Но уже через сутки Брайд успокоилась. Никто, похоже, так ничего и не заметил, никто ей ничего не сказал насчет ее странным образом изменившейся внешности – хотя грудь под футболкой выглядела совершенно плоской, а дырочки в ушах по-прежнему отсутствовали. Впрочем, только она одна знала, что волосы у нее на лобке и под мышками вовсе не выбриты, а куда-то исчезли. Так, может, все это просто галлюцинация? Нечто вроде «живых» снов, которые посещали ее, когда ей все-таки удавалось уснуть? Да и были ли они снами? Дважды она просыпалась ночью и обнаруживала, что Рейн стоит рядом, наклонившись над нею, или сидит на корточках возле ее постели и неотрывно, хотя и без малейшей угрозы, на нее смотрит. Но стоило Брайд попытаться заговорить с девочкой, та мгновенно исчезала, словно растворяясь в воздухе.

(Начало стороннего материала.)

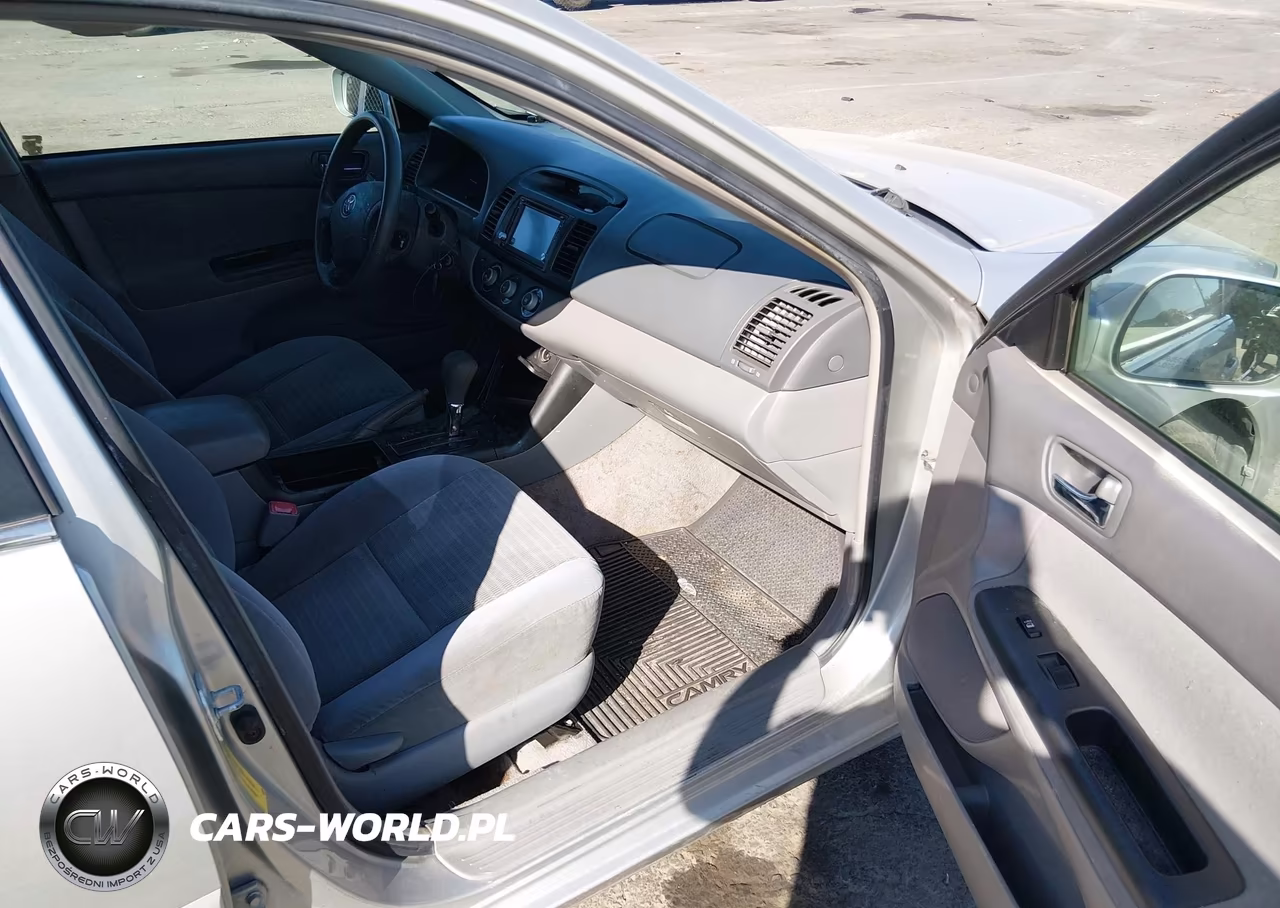 2006 Toyota Camry Le VIN:4T1BE30K76U161486 - 5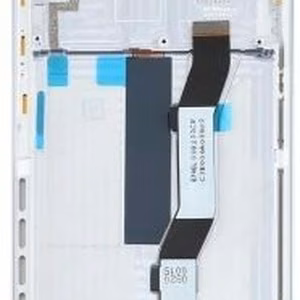 LCD screen Xiaomi Mi 10T/Mi 10T Pro with touch screen with frame Silver original (service  pack)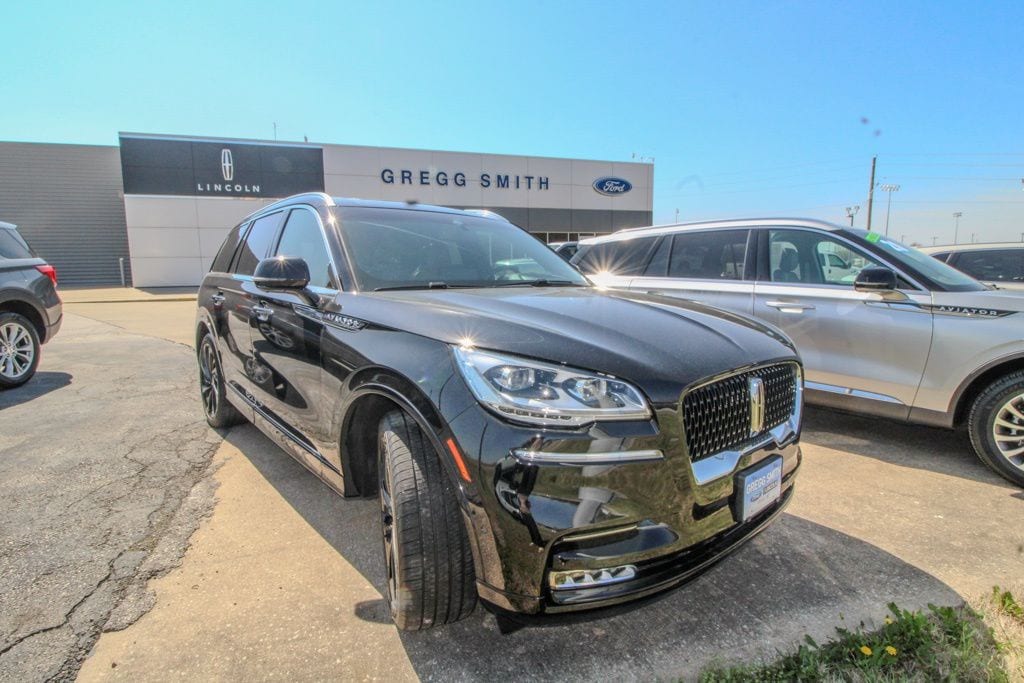 Used 2022 Lincoln Aviator Reserve with VIN 5LM5J7XC3NGL04068 for sale in Kansas City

Чувствуя себя беспомощной, бесполезной, ничем не занятой, Брайд, наконец, поняла, почему люди всегда так боролись со скукой. Без отвлекающих занятий, без физической активности разум начинал топтаться на месте или бесцельно ходить по кругу, без конца собирая и перебирая рассыпавшиеся воспоминания. Возможно, даже беспокойство, сфокусированное на чем-то конкретном, принесло бы ей определенное облегчение, стало бы, пусть сомнительной, но победой над этим комком повторяющихся разрозненных обрывков мыслей. Если не считать коротких и до некоторой степени связных «живых» снов, все остальное время мысли Брайд бродили как попало – от того, в каком ужасном состоянии ее ногти, к детским воспоминаниям о том, как однажды она налетела на фонарный столб. Брайд то вспоминала, какое потрясающее платье видела на одной знаменитой особе, то вдруг переключалась на необходимость провериться у стоматолога. Она слишком надолго застряла здесь, в этом примитивном жилище, где даже радио нельзя было послушать; можно только сидеть и смотреть, как пара живущих в доме людей занимается привычными повседневными делами – работает в саду, убирает в комнате, готовит еду, ткет на станке, косит траву, рубит дрова, консервирует овощи. Ей даже поговорить было не с кем – во всяком случае, на интересующие ее темы. А ее решительные попытки ни в коем случае не думать о Букере каждый раз терпели крах. Что, если ей так и не удастся его найти? Что, если он вовсе не у этих мистера или миссис Олив? Все в ее жизни будет вечно идти наперекосяк, если поиски Букера ни к чему не приведут. А если она все же сумеет его отыскать, как ей быть тогда, что ему сказать? Брайд казалось, что до того, как она начала работать в «Сильвия Инкорпорейтед», и до знакомства с Бруклин все вокруг только и делали, что презирали и отвергали ее. Букер оказался первым человеком в ее жизни, которому она стала в состоянии противостоять – и это было почти то же самое, что противостоять самой себе, спорить с собой, защищая свои права. Разве она и теперь совсем ничего не стоит? Неужели совсем ничего?